Materials provided –
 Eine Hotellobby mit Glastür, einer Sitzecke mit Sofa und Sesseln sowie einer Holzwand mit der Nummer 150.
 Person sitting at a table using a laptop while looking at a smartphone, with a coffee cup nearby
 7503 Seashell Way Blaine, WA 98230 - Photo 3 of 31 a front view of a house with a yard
==
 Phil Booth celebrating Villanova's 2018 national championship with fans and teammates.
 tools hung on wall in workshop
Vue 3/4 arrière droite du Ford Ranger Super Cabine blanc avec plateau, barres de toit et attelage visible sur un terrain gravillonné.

Assigned task – Proceeding from the line containing "Eine Hotellobby mit" through the line containing "7503 Seashell Way", transcribe the lines above exactly, both end lines included.

Answer area –
 Eine Hotellobby mit Glastür, einer Sitzecke mit Sofa und Sesseln sowie einer Holzwand mit der Nummer 150.
 Person sitting at a table using a laptop while looking at a smartphone, with a coffee cup nearby
 7503 Seashell Way Blaine, WA 98230 - Photo 3 of 31 a front view of a house with a yard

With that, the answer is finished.